TRY IT: When you copy the listing, reproduce each line as it appears and omit every image.

SOURCE MATERIAL:
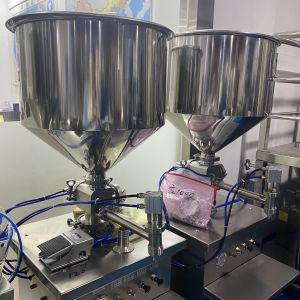 2KW Mineral Water Packing Machine simple structure with 30L Hopper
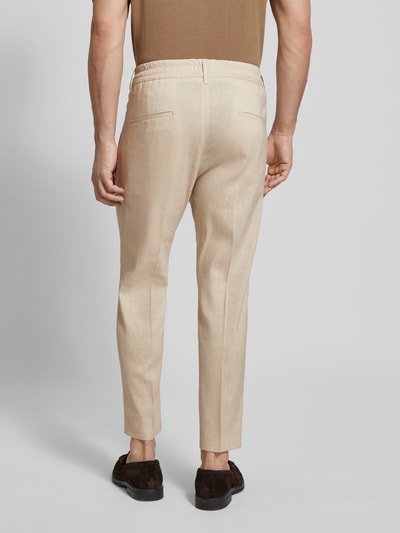 Drykorn Tapered Fit Bundfaltenhose mit elastischem Bund Moodell 'CHASY' Beige 5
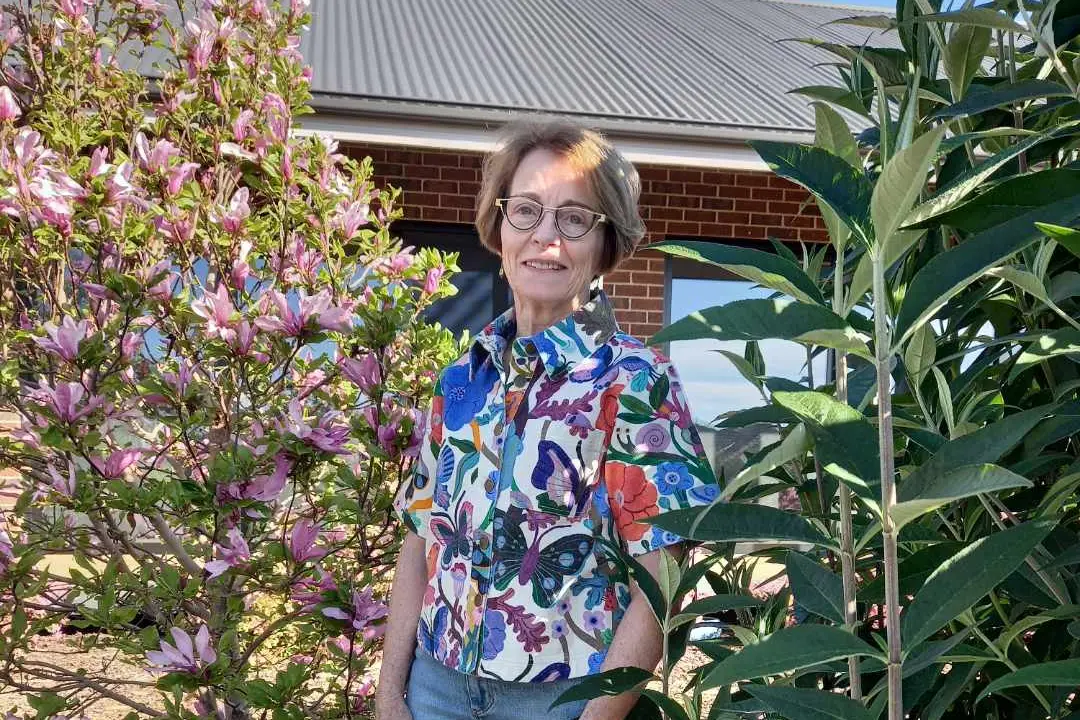 <p>CARING CAREER: Beechworth\\u2019s Carmel Ardern has loved being able to empower people to make informed decisions for their health care.</p>\\n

ANSWER TO THIS EXERCISE:
 2KW Mineral Water Packing Machine simple structure with 30L Hopper
 Drykorn Tapered Fit Bundfaltenhose mit elastischem Bund Moodell 'CHASY' Beige 5
 <p>CARING CAREER: Beechworth\\u2019s Carmel Ardern has loved being able to empower people to make informed decisions for their health care.</p>\\n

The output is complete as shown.